At the start of the school, it had 23 primary school pupils enrolled in the first semester and during the second semester it grew to 93 students. American Governor-General of the Philippines Francis Burton Harrison through the Division Superintendent of Schools granted Government Recognition and Permit to Operate in 1915. As years went on, enrollment increased such that the Sisters need to rent the neighboring house for them to hold classes. In 1919, there were a total of 274 grade-school pupils.

===Mendiola property===
As the school opened the secondary (high school) department, there was a need for expansion. Thus, the 12,000-square-meter present campus located on the intersections of E. Mendiola Street, J.P Laurel Street, and C. Aguila Street was bought on July 7, 1920. With the buildings already constructed, the school was moved to the Mendiola property on March 25, 1922.

In 1924, HGC became the Provincial Motherhouse of the SSpS congregation in the Philippines until it was finally moved in Poinsettia Street, New Manila, Quezon City in 1945.

The first batch of high school students graduated in March 1924. On April 2, 1925, the college department started when it was given government recognition to operate with a two-year course, Associate in Art. In 1928, three Bachelor's Degree programs were offered: Liberal Arts, Preparatory Law, and Education. In 1932, it added BS Home Economics and BA Fine Arts and, in 1936, BS Commerce and the Secretarial Course. Two years later, the Master of Arts in Education was introduced in 1938.

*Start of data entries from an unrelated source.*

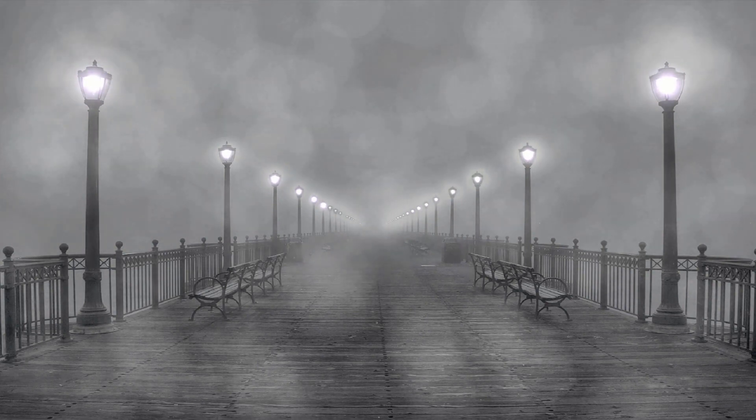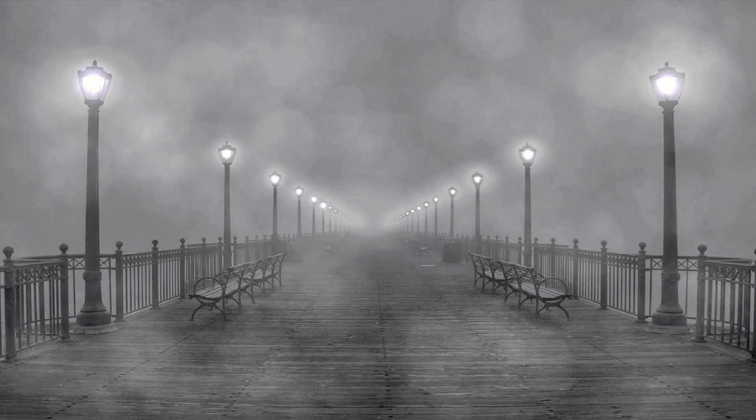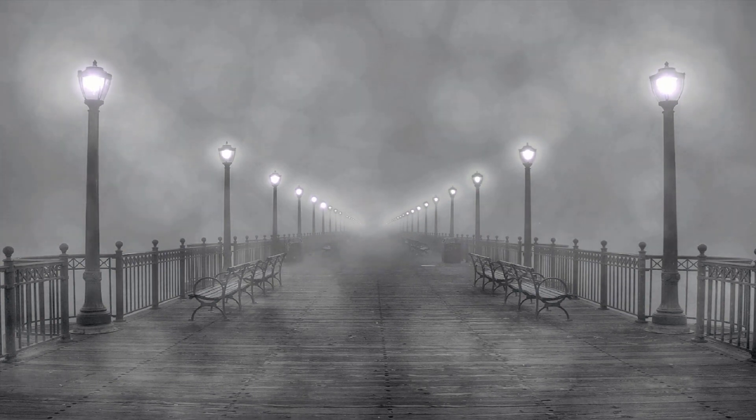Fear is often an illusion, burned into reality because we give it power.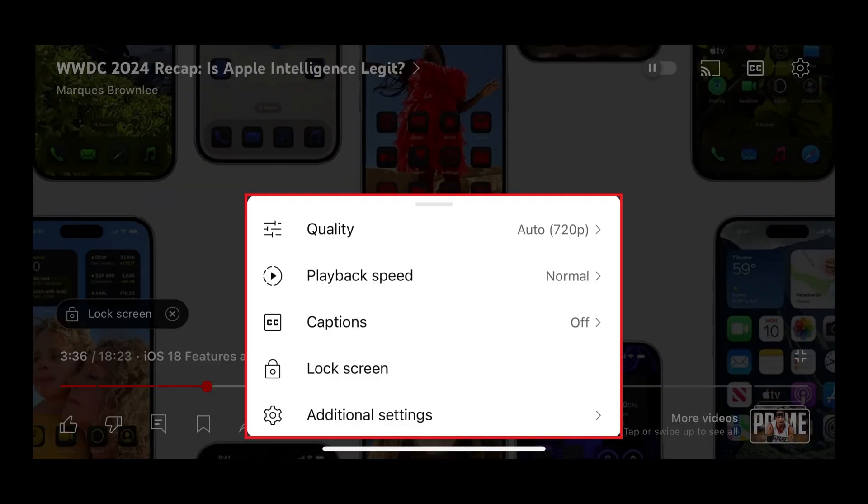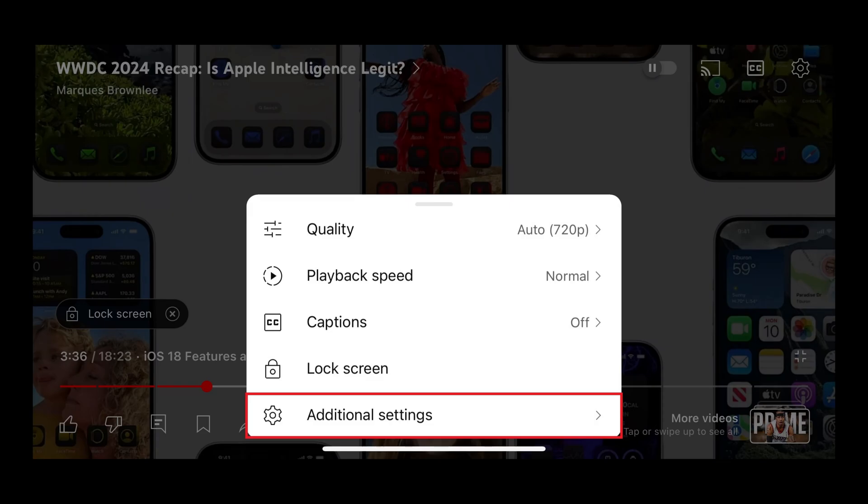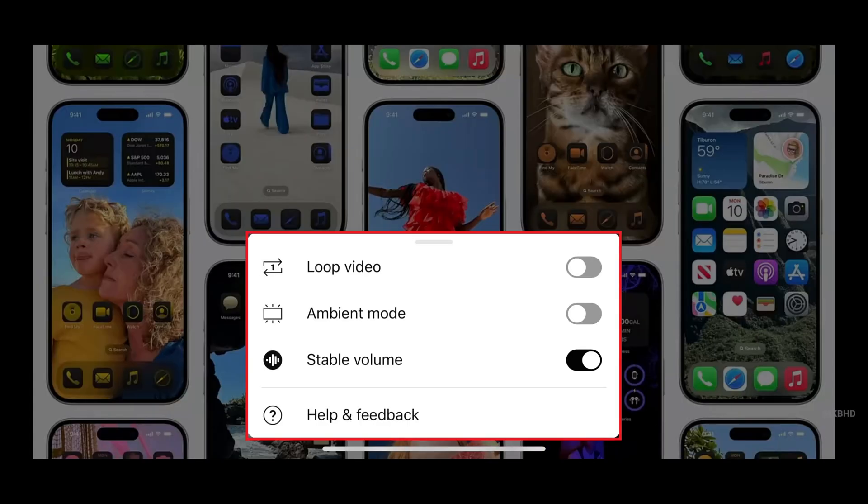Step 3. Tap additional settings in this menu. Additional menu options are displayed.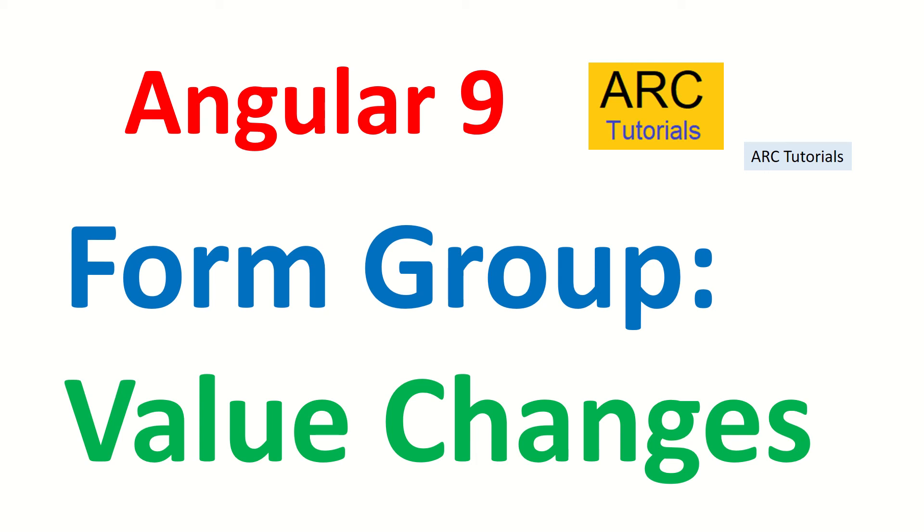Hi friends, welcome back to ArcTutorials. We are continuing with our Angular 9 full tutorial series and in today's episode we are going to learn about how to capture the value changes in a form group.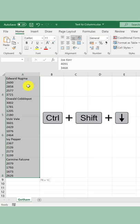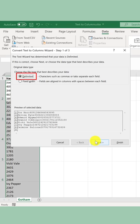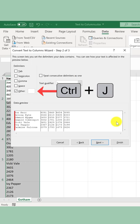Ensure Delimited is selected, then click Next. Deselect Tab, select Other, then press Ctrl J. You can see the values have been separated. Click Finish.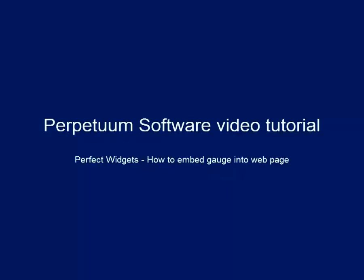Hello, this video describes the process of embedding an SVG widget into a web page using Perfect Widgets.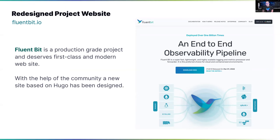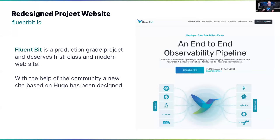Another big thing is that FluentBit used to have a very old archive website. With community sponsorship, we created a new website which, in my opinion, is outstanding. Congrats to Ari, who designed it. The framework has been migrated from Jekyll and Ruby to Hugo. The site's source code is fully available on GitHub, so if you're interested in contributing documentation or articles, we now have all the pieces and the framework to make that happen.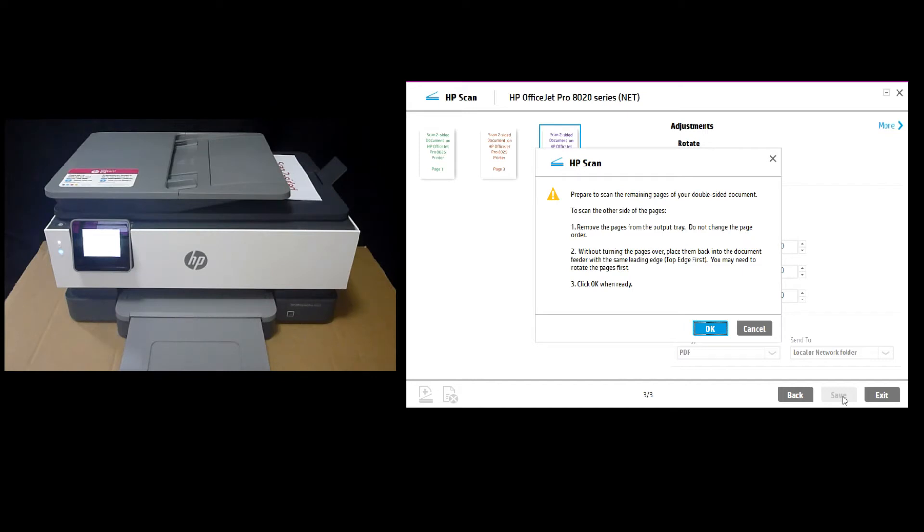it will ask you to prepare to scan the remaining pages of our double-sided document. And there are some instructions. Let's head over to our printer.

During the Japanese occupation of the Philippines in 1941, the school operation was interrupted when the Japanese Army requisitioned some of the school's buildings. When schooling resumed in 1943, the classes were crammed in the remaining buildings and some neighbor houses. In 1944, Bachelor of Music was offered with various majors through the years: piano, organ, violin, marimba, voice, and others. After the war, new buildings were constructed as student population grew more: Elementary Building (1947), Paraclete Auditorium (1948), Canteen (1949), College Building (1956), College Building-Annex (1961–62), the College Library Annex (1964), New Elementary Building (1966), and the College Cafeteria (1970).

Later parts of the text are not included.